The Inclusive Society Institute (ISI) joined leading national and international stakeholders on 9 December 2025 for the inaugural Babita Deokaran Annual Lecture, hosted by Stellenbosch University’s School of Public Leadership and its Anti-Corruption Centre for Education and Research (ACCERUS). The event, held on the Bellville Park Campus, honoured the life, courage and sacrifice of whistle-blower Babita Deokaran, whose assassination in 2021 exposed the deep vulnerabilities faced by officials who act with integrity in the public interest.

 

ISI Chief Executive Officer, Daryl Swanepoel, addressed the gathering alongside government leaders, oversight institutions, academia, civil society, and several prominent whistle-blowers.
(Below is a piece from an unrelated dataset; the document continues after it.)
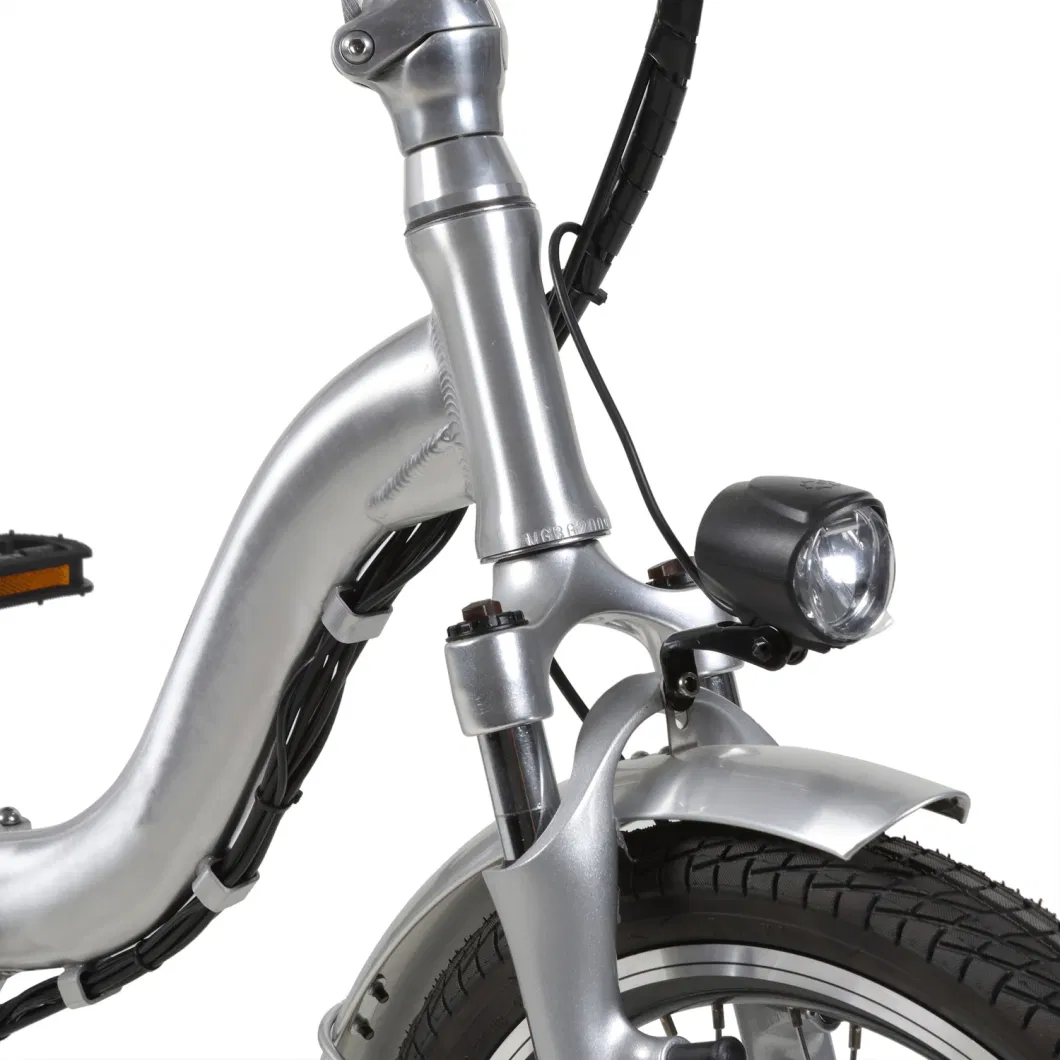 Customized Electric Bike 350W for Adults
In his remarks, Swanepoel emphasised that Babita’s murder was not an isolated tragedy, but a structural failure of South Africa’s whistle-blower protection regime. He argued that honouring her legacy requires more than symbolic gestures, it demands bold institutional reform.

 

Swanepoel called for the establishment of an independent, constitutionally anchored Office for Whistle-blower Protection, automatic protection triggers when disclosures are made, a secure digital reporting platform and a sustainably financed Whistle-blower Protection Fund. He stressed that whistle-blowers are the frontline of accountability, and that safeguarding them is a democratic imperative, not a bureaucratic courtesy.

 

The lecture brought together an impressive range of partners and speakers, as reflected in the programme: senior representatives from the Presidency, the Public Protector, the Public Service Commission, the Special Investigating Unit, the African Union Advisory Board Against Corruption, academic institutions and civil-society organisations including OUTA and IMPSA. Their contributions collectively underscored the urgent need to rebuild public trust through stronger systems of transparency, professional public administration and citizen protection.

 

ISI is proud to have contributed to this important inaugural lecture and remains committed to advancing ethical governance and strengthening South Africa’s anti-corruption architecture. As Swanepoel noted, “We cannot bring Babita back, but we can ensure that her courage becomes a foundation for a more honest and accountable state.”